Advanced Namespace Tools blog

14 Feburary 2018

Improvements to Hubfs

Hubfs has been a stable and useful tool for me for many years, but nothing is completely perfect. This post describes recent work to fix two longstanding issues - one annoyance and one corner-case bug. The annoyance was that a process directly reading from a hubfile couldn't be successfully interrupted until new data arrived. The bug was that very occasionally, a client would receive a re-send of the entire previous hubfs buffer. Both of these problems have been rectified now, so anyone using hubfs is invited to upgrade. Hubfs is contained within the main ANTS repos, as well as being available in a standalone repo as well as within my 9front contrib directory.

Tflushes and interrupts

When processes read from a hubfile, the 9p Tread requests are queued until data arrives to answer them. From the point of view of the reading process, it is stuck inside a blocking syscall. This is the reason that before this patch, if you catted a hubfile and no data was arriving, you coudn't interrupt the cat - it was stuck inside the read syscall and would not receive the interrupt note until it crossed back out of the kernel boundary when the pending read was fulfilled.

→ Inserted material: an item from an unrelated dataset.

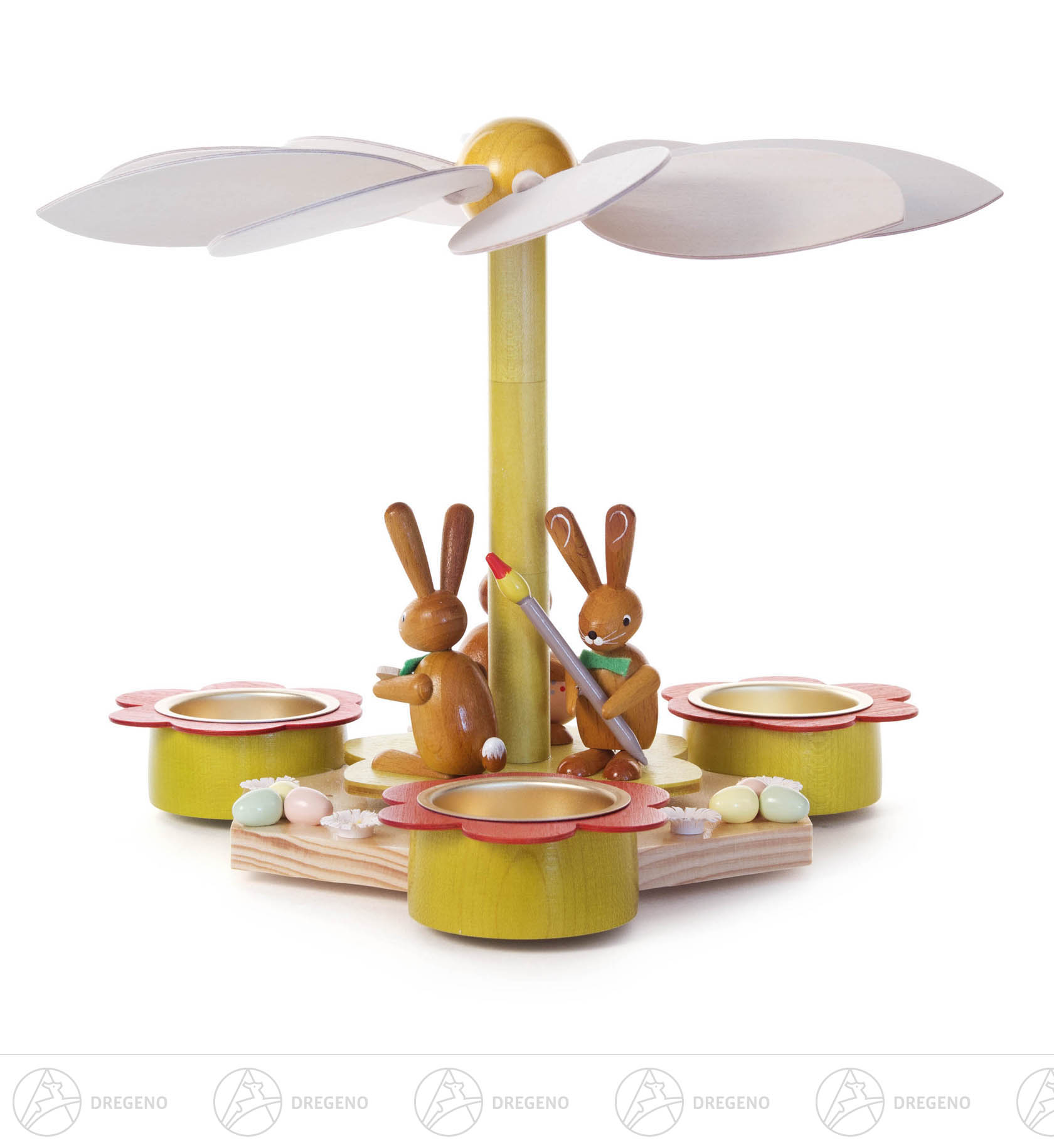 Pyramide mit Hasen, für Teelichte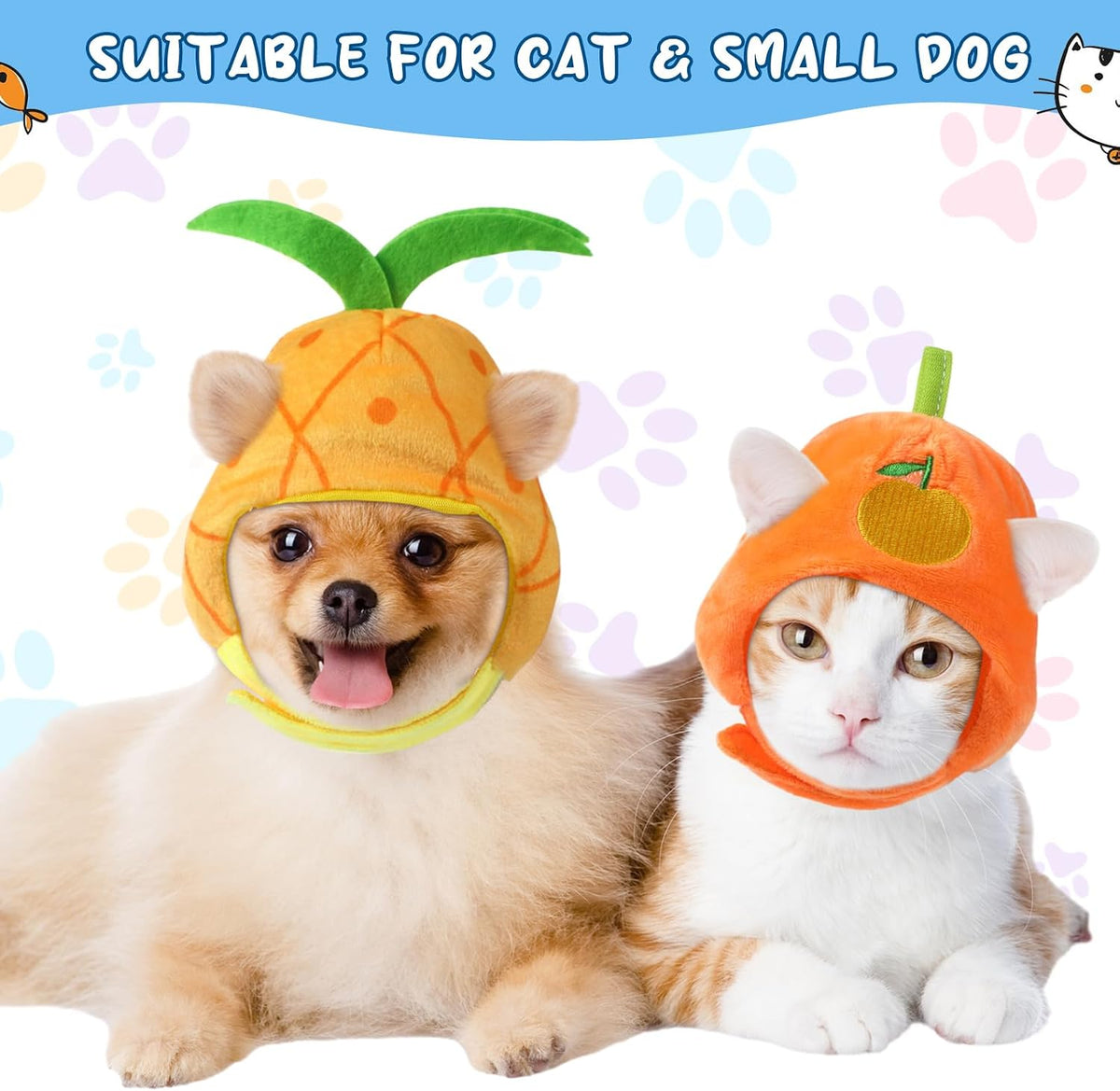 Weewooday 5 Pcs Cat Hat, Avocado, Orange, Strawberry, Pineapple, Frog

I didn't realize there was a fix for this for a very long time. It turns out that it was resolvable by adding a flush message handling function to the hubfs Srv structure. When an interrupt is sent to a process reading from an 9p fs, a flush message is sent to the fs. I'm not sure where this is documented - I learned it from reading a conversation in irc about someone else's fs development. (Thanks Mischief for explaining this!) When I saw the discussion, I realized that I could fix the uninterruptible-reads issue in hubfs, and set to work.

The Tflush request is sent with a datafield "oldtag" which identifies the tag of the previous request that should be flushed. Pending requests are stored in per-hub arrays called "qreads" and "qwrits" so my first implementation tried to find the hub from r->fid->file->aux in the Tflush request, and then check the pending request arrays for the requested oldtag. Unfortunately, this produced a null-pointer dereference suicide. I assumed this must be because the Tflush request didn't fill in the Req structure in the same way, and a bit of time in acid confirmed this - the Tflush doesn't duplicate the data present in the original request, so I couldn't find the correct Hub structure from it.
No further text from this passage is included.